The settlement has a heliport operated by Air Greenland. The village is served as part of government contract, with mostly cargo helicopter flights. The main transportation routes are via air or sea. The village is practically inaccessible via land due to its remote location and the surrounding mountain region. Every summer a few large or very large cruise ships go through Prince Christian Sound and pass Aappilattoq. The largest cruise ship believed to have passed by is Voyager of the Seas in September 2022.

== Geography ==
Aappilattoq is located east of Nanortalik, roughly 50 km north of Cape Farewell, the southern cape of Greenland. including Prince Christian Sound, a 100 km long, steep and 1/2-2 km wide fjord.

=== Mountains ===
| Unlike most other summits in the area, these almost 2,000 m peaks near Aappilattoq are unglaciated. | Steep rock walls dominate the landscape near Aappilattoq. |

===Climate===
Aappilatoq has a wet tundra climate (ET) with heavy precipitation and cold to very cold weather year-round.

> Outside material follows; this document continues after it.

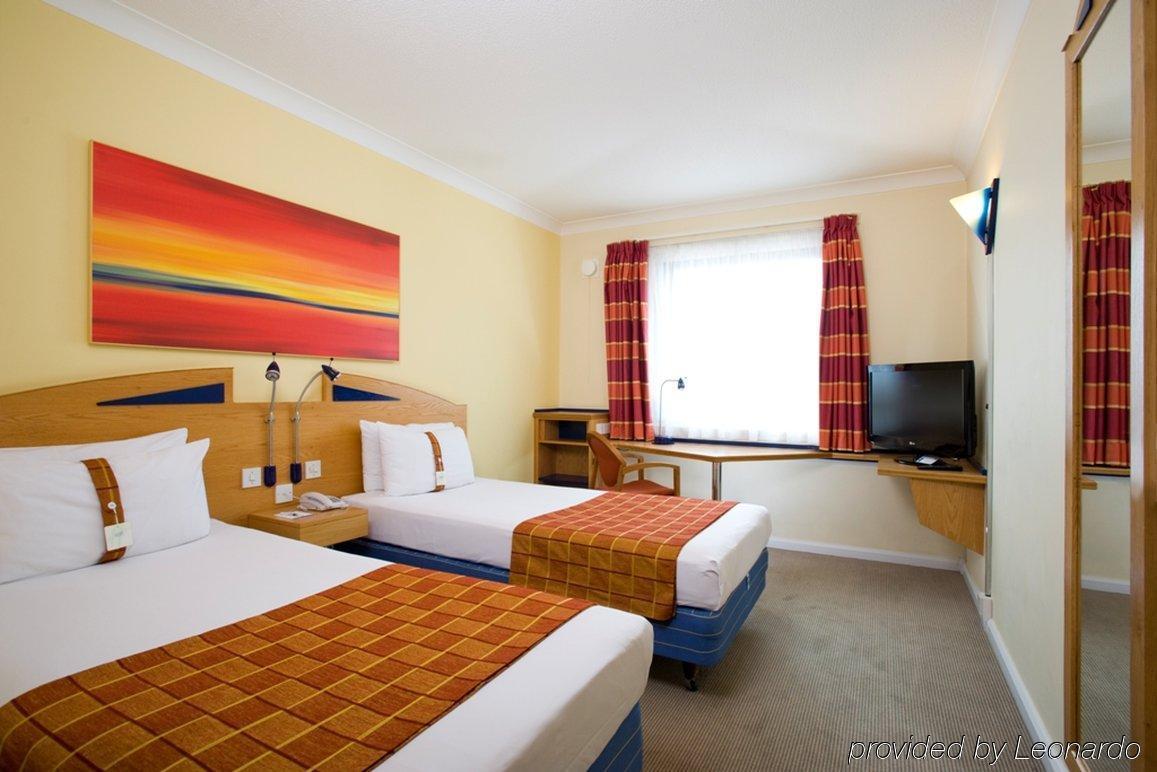 Holiday Inn Express East Midlands Airport By Ihg Castle Donington Rom bilde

Climate data for Aappilatoq
| Month | Jan | Feb | Mar | Apr | May | Jun | Jul | Aug | Sep | Oct | Nov | Dec | Year |
| Mean daily maximum °C (°F) | −2.9 (26.8) | −2.4 (27.7) | −1.9 (28.6) | 1.6 (34.9) | 5.2 (41.4) | 8.5 (47.3) | 10.7 (51.3) | 10.3 (50.5) | 7.1 (44.8) | 2.8 (37.0) | −0.1 (31.8) | −2.3 (27.9) | 3.1 (37.5) |
| Daily mean °C (°F) | −5.8 (21.6) | −5.4 (22.3) | −4.8 (23.4) | −1.4 (29.5) | 2.3 (36.1) | 5.0 (41.0) | 7.1 (44.8) | 6.8 (44.2) | 4.2 (39.6) | 0.4 (32.7) | −2.6 (27.3) | −5.0 (23.0) | 0.1 (32.1) |
| Mean daily minimum °C (°F) | −8.6 (16.5) | −8.3 (17.1) | −7.7 (18.1) | −4.3 (24.3) | −0.6 (30.9) | 1.6 (34.9) | 3.6 (38.5) | 3.4 (38.1) | 1.3 (34.3) | −1.9 (28.6) | −5.1 (22.8) | −7.6 (18.3) | −2.8 (26.9) |
| Average rainfall mm (inches) | 151 (5.9) | 142 (5.6) | 124 (4.9) | 139 (5.5) | 114 (4.5) | 114 (4.5) | 111 (4.4) | 133 (5.2) | 168 (6.6) | 143 (5.6) | 158 (6.2) | 157 (6.2) | 1,654 (65.1) |
Source: Climate-Data.org

== Population ==
Most towns and settlements in southern Greenland exhibit negative growth patterns over the last two decades, with many settlements rapidly depopulating. The population of Aappilattoq has decreased by more than a third relative to the 1990 levels, and by over 20 percent relative to the 2000 levels.